EMDR
(From EMDRIA)

EMDR (Eye Movement Desensitization and Reprocessing) is an evidenced-based psychotherapeutic approach that enables people to heal from the symptoms and emotional distress that are the result of disturbing life experiences.  Repeated studies have demonstrated that by using EMDR therapy, people can experience the benefits of psychotherapy that once took years to show improvement.

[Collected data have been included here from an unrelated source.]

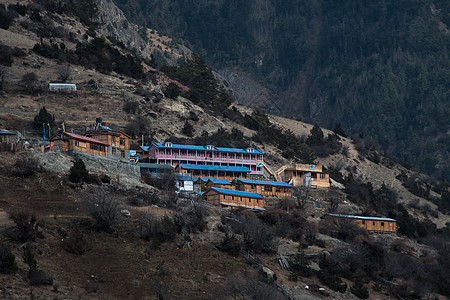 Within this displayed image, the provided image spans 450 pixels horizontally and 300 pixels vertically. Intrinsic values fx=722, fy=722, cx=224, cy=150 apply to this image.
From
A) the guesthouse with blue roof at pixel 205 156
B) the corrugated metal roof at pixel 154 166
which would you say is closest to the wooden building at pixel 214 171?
the corrugated metal roof at pixel 154 166

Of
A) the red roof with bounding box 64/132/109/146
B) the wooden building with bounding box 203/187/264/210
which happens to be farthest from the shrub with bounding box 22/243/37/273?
the wooden building with bounding box 203/187/264/210

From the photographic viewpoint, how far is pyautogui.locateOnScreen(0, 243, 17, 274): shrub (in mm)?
49750

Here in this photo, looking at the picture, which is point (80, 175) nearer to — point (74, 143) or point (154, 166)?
point (74, 143)

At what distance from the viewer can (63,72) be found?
116 meters

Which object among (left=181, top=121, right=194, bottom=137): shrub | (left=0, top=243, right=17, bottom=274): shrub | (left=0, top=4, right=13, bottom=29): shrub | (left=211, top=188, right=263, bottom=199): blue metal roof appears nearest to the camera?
(left=0, top=243, right=17, bottom=274): shrub

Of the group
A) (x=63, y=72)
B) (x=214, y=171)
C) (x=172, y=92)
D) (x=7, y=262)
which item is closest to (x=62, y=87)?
(x=63, y=72)

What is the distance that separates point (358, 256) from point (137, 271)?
2771cm

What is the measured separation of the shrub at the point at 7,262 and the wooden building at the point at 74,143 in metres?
29.7

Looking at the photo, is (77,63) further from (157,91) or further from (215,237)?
(215,237)

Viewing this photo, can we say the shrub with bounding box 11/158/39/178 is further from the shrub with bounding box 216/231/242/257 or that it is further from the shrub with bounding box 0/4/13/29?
the shrub with bounding box 0/4/13/29

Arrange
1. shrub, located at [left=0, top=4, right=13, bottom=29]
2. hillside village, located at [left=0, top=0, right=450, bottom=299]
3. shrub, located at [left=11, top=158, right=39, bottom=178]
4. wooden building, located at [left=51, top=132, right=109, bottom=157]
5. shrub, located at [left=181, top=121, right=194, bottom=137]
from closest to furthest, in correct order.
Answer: hillside village, located at [left=0, top=0, right=450, bottom=299] < shrub, located at [left=11, top=158, right=39, bottom=178] < wooden building, located at [left=51, top=132, right=109, bottom=157] < shrub, located at [left=181, top=121, right=194, bottom=137] < shrub, located at [left=0, top=4, right=13, bottom=29]

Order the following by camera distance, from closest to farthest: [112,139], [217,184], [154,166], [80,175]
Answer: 1. [80,175]
2. [112,139]
3. [154,166]
4. [217,184]

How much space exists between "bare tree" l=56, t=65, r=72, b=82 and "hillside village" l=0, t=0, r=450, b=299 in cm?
26

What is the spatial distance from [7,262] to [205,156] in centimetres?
5403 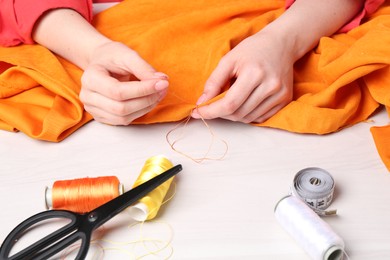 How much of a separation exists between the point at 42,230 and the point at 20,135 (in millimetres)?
190

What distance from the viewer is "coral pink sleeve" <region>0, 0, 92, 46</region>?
87 cm

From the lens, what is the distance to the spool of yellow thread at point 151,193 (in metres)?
0.65

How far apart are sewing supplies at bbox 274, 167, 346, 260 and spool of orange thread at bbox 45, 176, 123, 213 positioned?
0.20m

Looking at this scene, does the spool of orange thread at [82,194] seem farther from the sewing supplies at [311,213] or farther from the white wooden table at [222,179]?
the sewing supplies at [311,213]

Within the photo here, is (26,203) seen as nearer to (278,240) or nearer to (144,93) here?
(144,93)

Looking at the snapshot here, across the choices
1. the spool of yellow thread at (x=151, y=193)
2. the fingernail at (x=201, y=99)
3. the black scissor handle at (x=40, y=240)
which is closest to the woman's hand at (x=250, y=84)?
the fingernail at (x=201, y=99)

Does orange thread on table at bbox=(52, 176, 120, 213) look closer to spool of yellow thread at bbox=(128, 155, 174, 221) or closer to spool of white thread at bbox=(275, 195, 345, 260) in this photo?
spool of yellow thread at bbox=(128, 155, 174, 221)

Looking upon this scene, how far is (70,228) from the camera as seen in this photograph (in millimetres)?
617

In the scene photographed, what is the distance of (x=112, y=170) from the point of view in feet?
2.39

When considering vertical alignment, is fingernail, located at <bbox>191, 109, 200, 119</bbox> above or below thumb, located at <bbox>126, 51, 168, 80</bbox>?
below

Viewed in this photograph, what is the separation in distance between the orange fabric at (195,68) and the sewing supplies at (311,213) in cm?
10

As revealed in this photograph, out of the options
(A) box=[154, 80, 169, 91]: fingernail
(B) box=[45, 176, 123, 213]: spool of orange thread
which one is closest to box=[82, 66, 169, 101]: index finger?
(A) box=[154, 80, 169, 91]: fingernail

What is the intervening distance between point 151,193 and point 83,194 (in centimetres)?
8

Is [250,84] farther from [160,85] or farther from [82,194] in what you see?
[82,194] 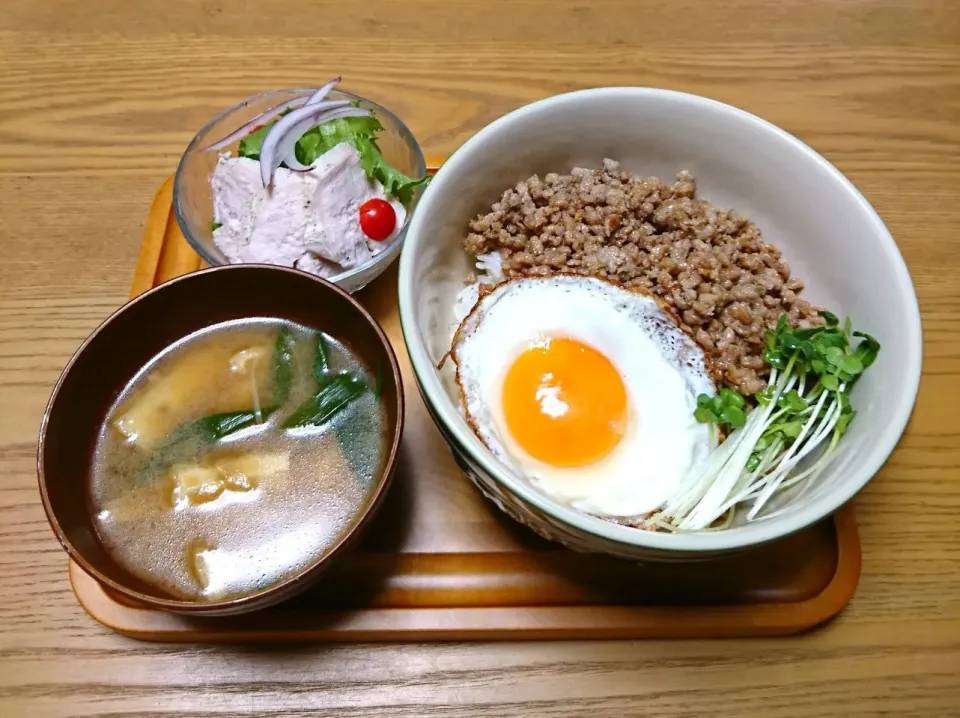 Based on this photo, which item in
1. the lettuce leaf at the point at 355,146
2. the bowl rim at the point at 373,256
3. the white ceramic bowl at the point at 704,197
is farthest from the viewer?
the lettuce leaf at the point at 355,146

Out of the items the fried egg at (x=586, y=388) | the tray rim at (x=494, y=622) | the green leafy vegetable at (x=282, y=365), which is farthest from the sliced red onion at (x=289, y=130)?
the tray rim at (x=494, y=622)

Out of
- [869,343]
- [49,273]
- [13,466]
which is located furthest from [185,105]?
[869,343]

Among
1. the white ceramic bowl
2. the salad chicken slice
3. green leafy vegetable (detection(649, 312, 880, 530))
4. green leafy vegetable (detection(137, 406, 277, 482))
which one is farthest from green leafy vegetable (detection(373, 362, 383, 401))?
green leafy vegetable (detection(649, 312, 880, 530))

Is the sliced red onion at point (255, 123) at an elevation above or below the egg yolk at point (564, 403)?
above

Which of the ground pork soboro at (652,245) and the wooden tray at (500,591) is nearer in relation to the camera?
the wooden tray at (500,591)

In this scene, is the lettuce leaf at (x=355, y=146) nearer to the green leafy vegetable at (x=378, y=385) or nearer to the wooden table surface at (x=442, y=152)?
the wooden table surface at (x=442, y=152)

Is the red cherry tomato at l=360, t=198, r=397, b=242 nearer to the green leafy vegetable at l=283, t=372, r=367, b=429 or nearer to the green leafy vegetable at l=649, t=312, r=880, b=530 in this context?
the green leafy vegetable at l=283, t=372, r=367, b=429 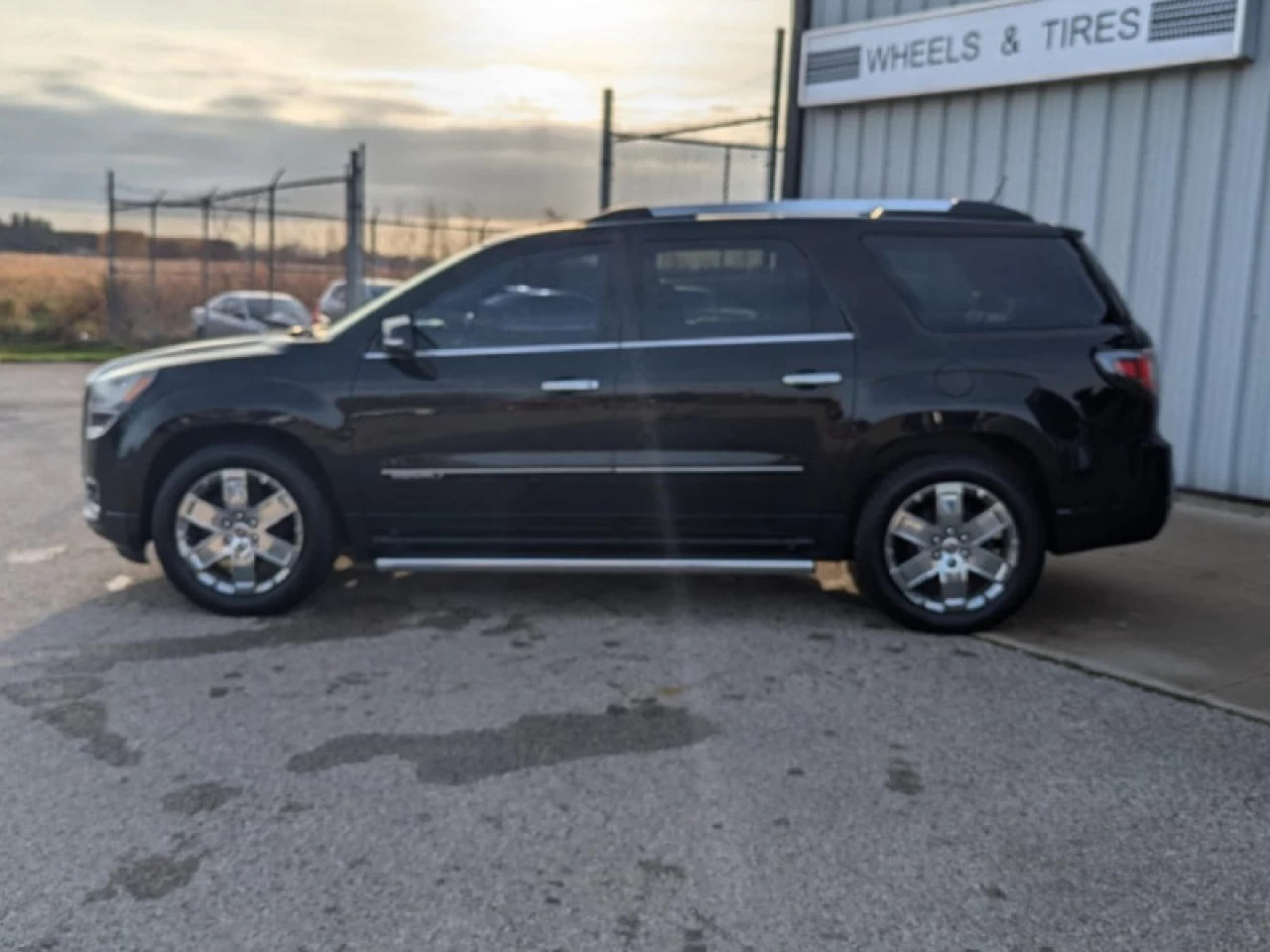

More recently, EMDR therapy demonstrates that the mind can in fact heal more rapidly from psychological trauma as the body recovers from physical trauma.  When you cut your hand, your body works to close and heal the wound. This natural process becomes disrupted when a foreign object or repeated injury to the area irritates the wound resulting in ongoing pain.  Effective assessment and ongoing care identify disruptions that may then removed to allow natural healing to resume.  EMDR therapy demonstrates a similar sequence of events within mental processes.  Under typical conditions, the brain’s information processing system naturally moves toward homeostatic mental health.  When this healing system is blocked or imbalanced by the impact of a disturbing event, the emotional wound festers and can cause intense ongoing suffering.  This impacts seen across both mental health and physiological process.  Once the disturbing event is addressed, healing resumes.  

How Does EMDR Work?

EMDR therapy is an eight-phase treatment.  Eye movements (or other bilateral stimulation) are used during one part of the session.  The clinician determines which memory to target first and asks the client to hold different aspects of that event or thought in mind.   The clients eyes track the therapist’s hand as it moves back and forth across the client’s field of vision.  As this happens, for reasons believed by a Harvard researcher to be connected with the biological mechanisms involved in Rapid Eye Movement (REM) sleep, internal associations arise and the clients begin to process the memory and disturbing feelings.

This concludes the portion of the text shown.